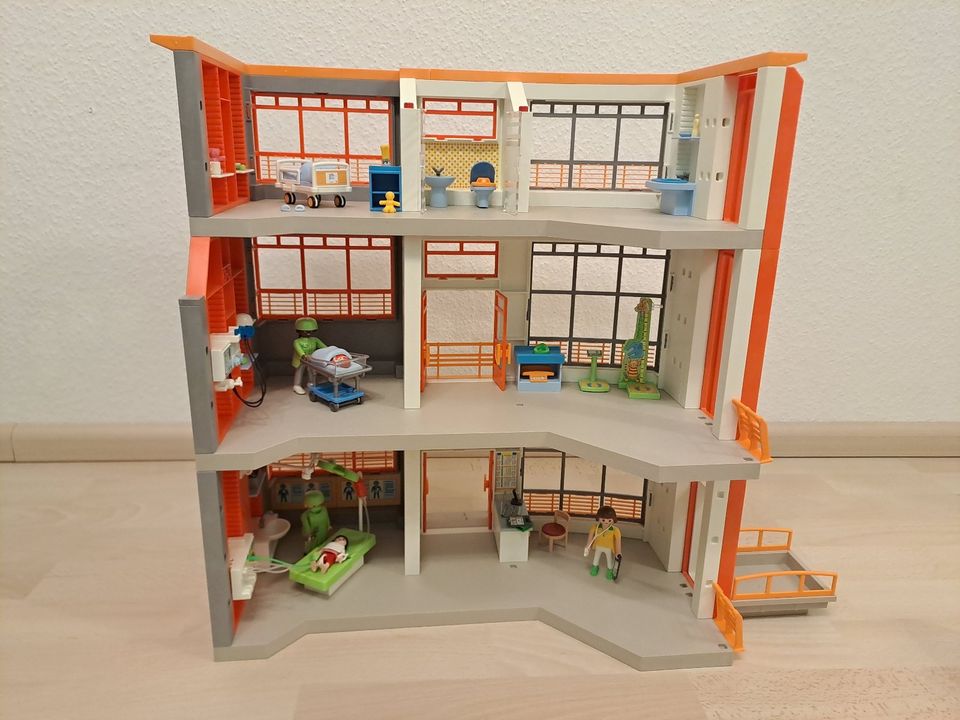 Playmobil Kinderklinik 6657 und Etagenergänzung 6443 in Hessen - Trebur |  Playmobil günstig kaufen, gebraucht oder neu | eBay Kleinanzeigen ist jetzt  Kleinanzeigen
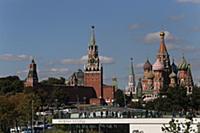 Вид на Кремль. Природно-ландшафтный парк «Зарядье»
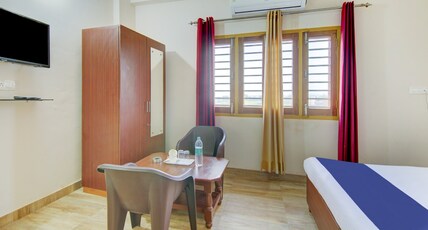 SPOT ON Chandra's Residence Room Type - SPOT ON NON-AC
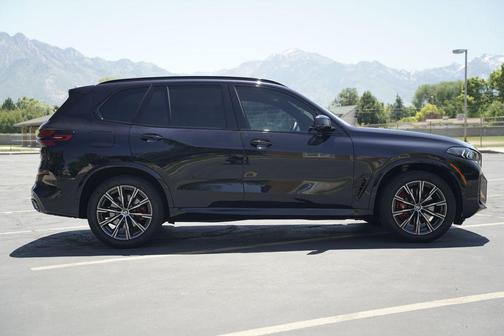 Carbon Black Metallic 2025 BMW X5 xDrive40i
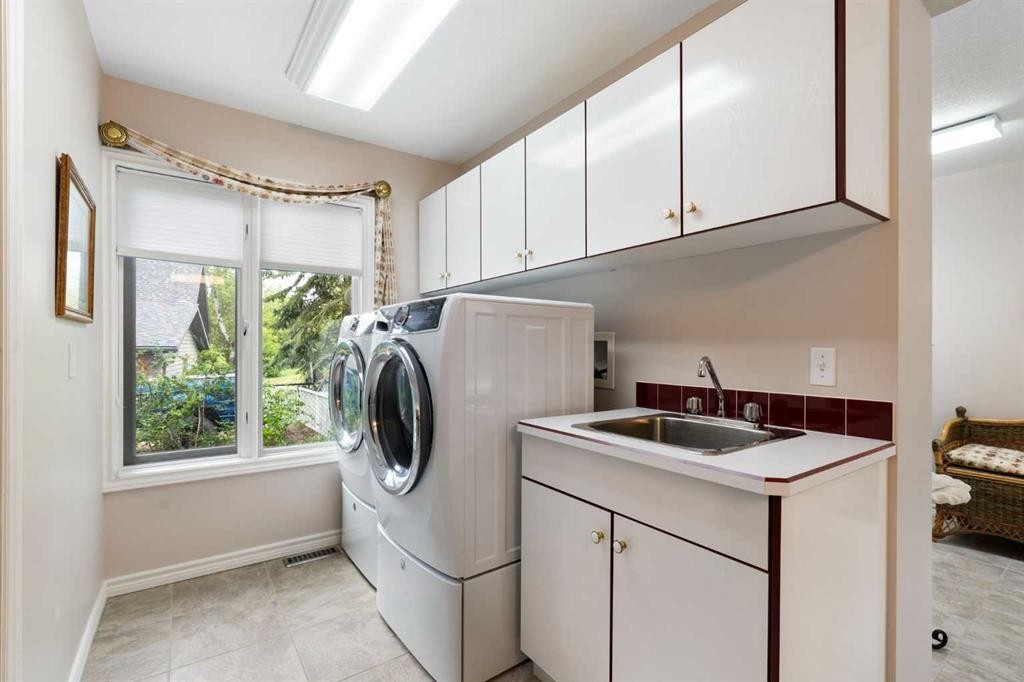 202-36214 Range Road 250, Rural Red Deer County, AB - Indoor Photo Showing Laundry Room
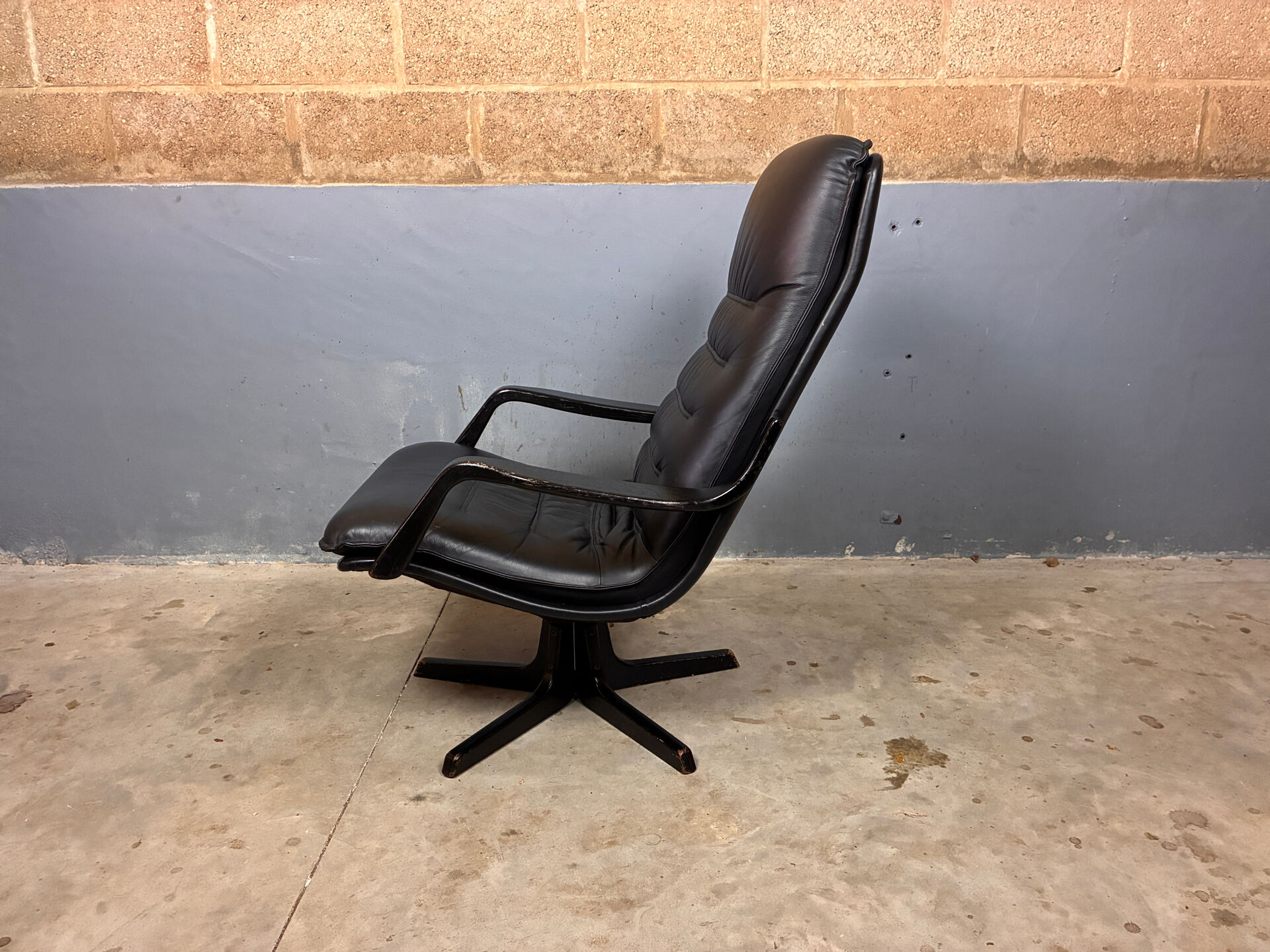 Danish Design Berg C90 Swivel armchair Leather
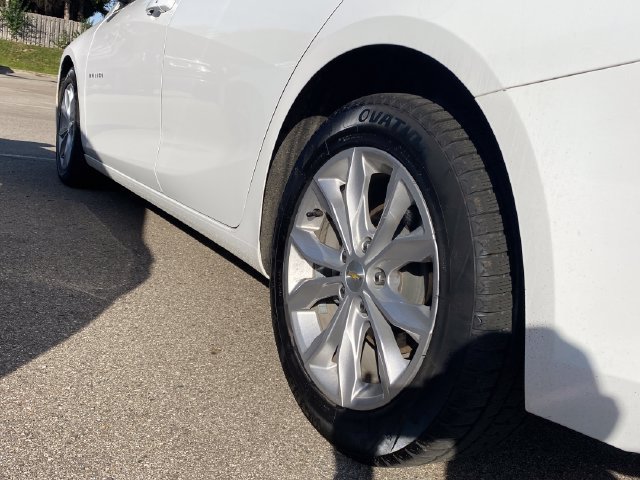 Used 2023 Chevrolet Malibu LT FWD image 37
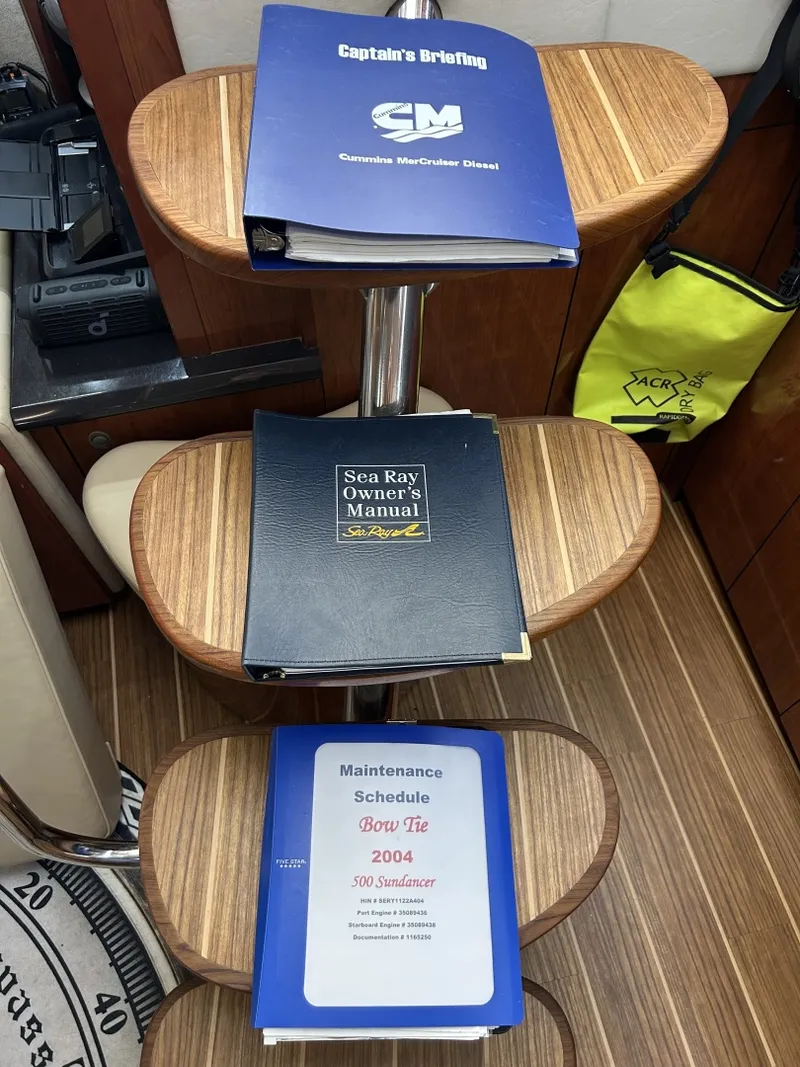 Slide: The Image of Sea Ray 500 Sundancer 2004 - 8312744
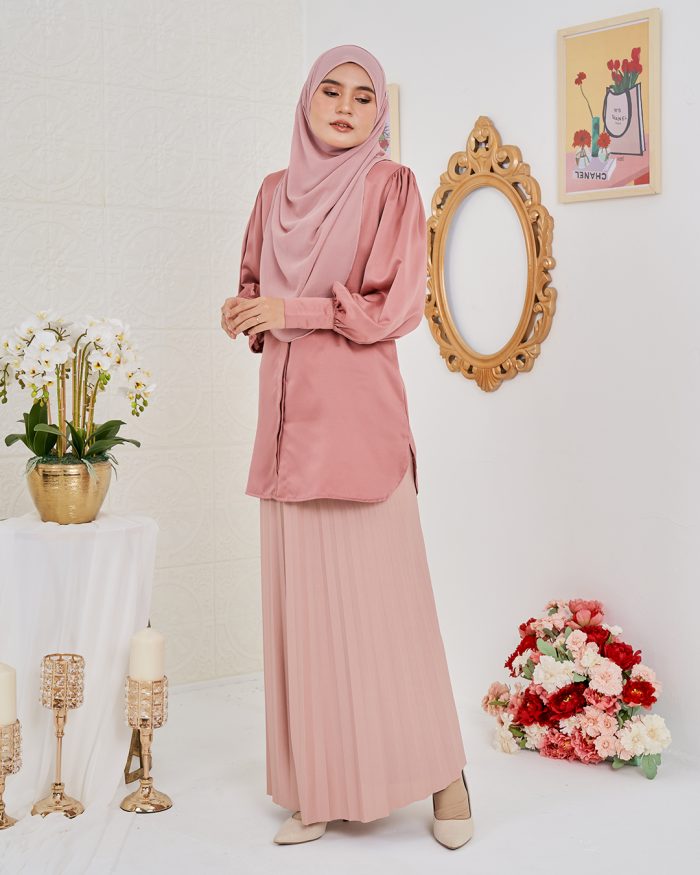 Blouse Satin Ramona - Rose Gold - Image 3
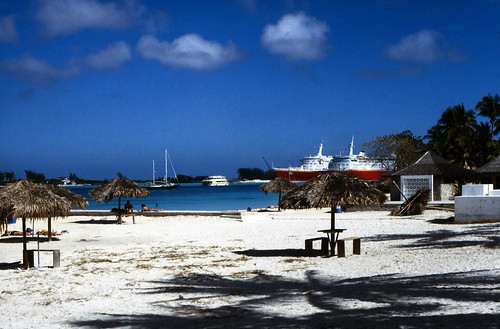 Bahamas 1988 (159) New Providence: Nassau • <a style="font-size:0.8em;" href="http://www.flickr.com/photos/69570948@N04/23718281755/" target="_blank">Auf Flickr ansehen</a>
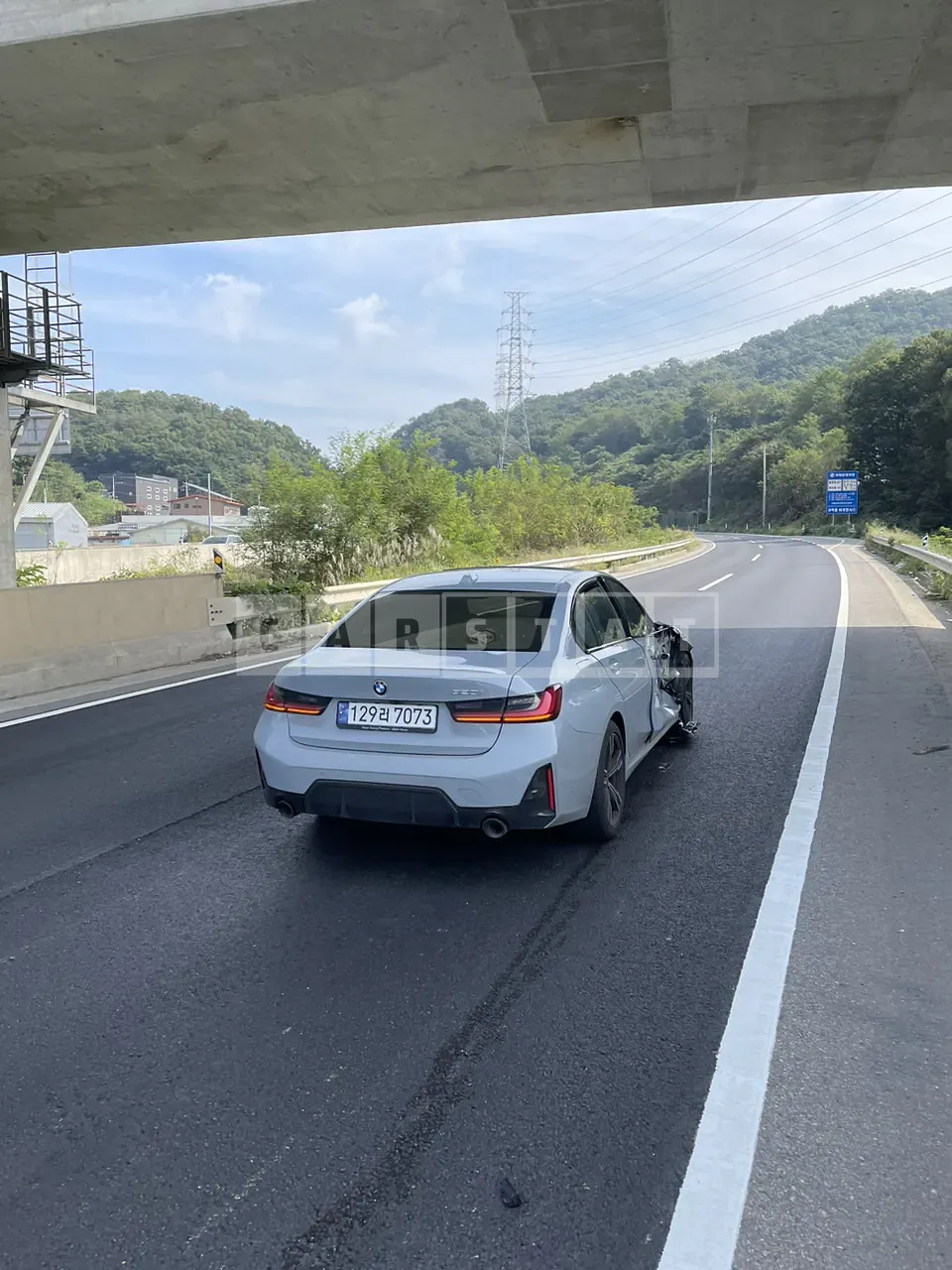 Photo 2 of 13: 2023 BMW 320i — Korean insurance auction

--------------------

**EXERCISE BRIEF**
No pictures belong in the copy; quote exactly the lines from the line containing "Bahamas 1988 (159)" through the final line of the material, both ends included.

**EXERCISE RESULT**
 Bahamas 1988 (159) New Providence: Nassau • <a style="font-size:0.8em;" href="http://www.flickr.com/photos/69570948@N04/23718281755/" target="_blank">Auf Flickr ansehen</a>
 Photo 2 of 13: 2023 BMW 320i — Korean insurance auction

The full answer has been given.